The aim of this conference is to explore Christoph Schlingensief’s participatory art project Opera Village Africa against the backdrop of Richard Wagner’s idea of the Gesamtkunstwerk. We wish to approach this topic from the perspective of multiple disciplines including anthropology, art history, cultural studies, history, musicology, philosophy, postcolonial studies and theatre studies.

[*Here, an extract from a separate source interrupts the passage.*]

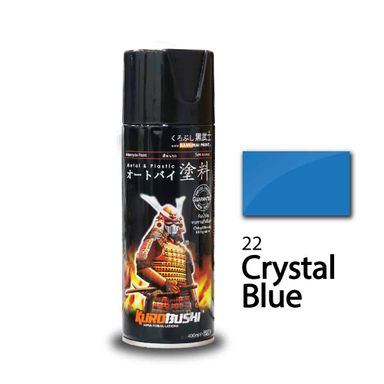 SAMURAI Spray Paint Standard Colour 400ml🎨 (#1 #2 #3 #8 #10 #12 #13 #14 #15 #17 #21 #22 #24 #29 #30 #31 #33 #36 #37)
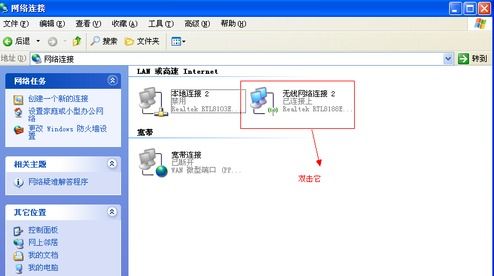 解决电脑无法连接WiFi的实用方法，轻松上网不再是难题！ 2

The founding of the Opera Village Africa in Burkina Faso is inextricably linked with Schlingensief’s critical engagement with the writing and music of Richard Wagner, who served Schlingensief throughout his career as a touch-stone for a process of working through the heritage of the German past. The soundtrack to Salvador Dali and Luis Buñuel’s Un Chien Andalou (1928) initially evoked Schlingensief’s ambiguous fascination for Wagner, which carried through his career work as filmmaker, theatre and opera director, actionist and performance artist. Schlingensief’s Parsifal production for the Bayreuth Festival on which he collaborated with the conductor Pierre Boulez in 2004 became pivotal to his subsequent projects. Disillusioned about the elitism and inaccessibility of opera, Schlingensief desired to do justice to the young Wagner’s anarchist ideas of a Gesamtkunstwerk that is accessible for everyone. His strategy to enable a diversity of audiences to participate in the Gesamtkunswerk was the Animatograph – a travelling rotating stage, which he developed out of his stage set for Parsifal and toured to a diversity of locations, such as Iceland, Namibia and Neuhardenberg. This journey provided inspiration for Schlingensief’s Opera Village Africa in Burkina Faso (2008-ongoing).

Did Schlingensief succeed in bringing Wagner’s Gesamtkunstwerk to life in the twenty-first century? – This is the question our conference will address and, we hope, attempt to answer.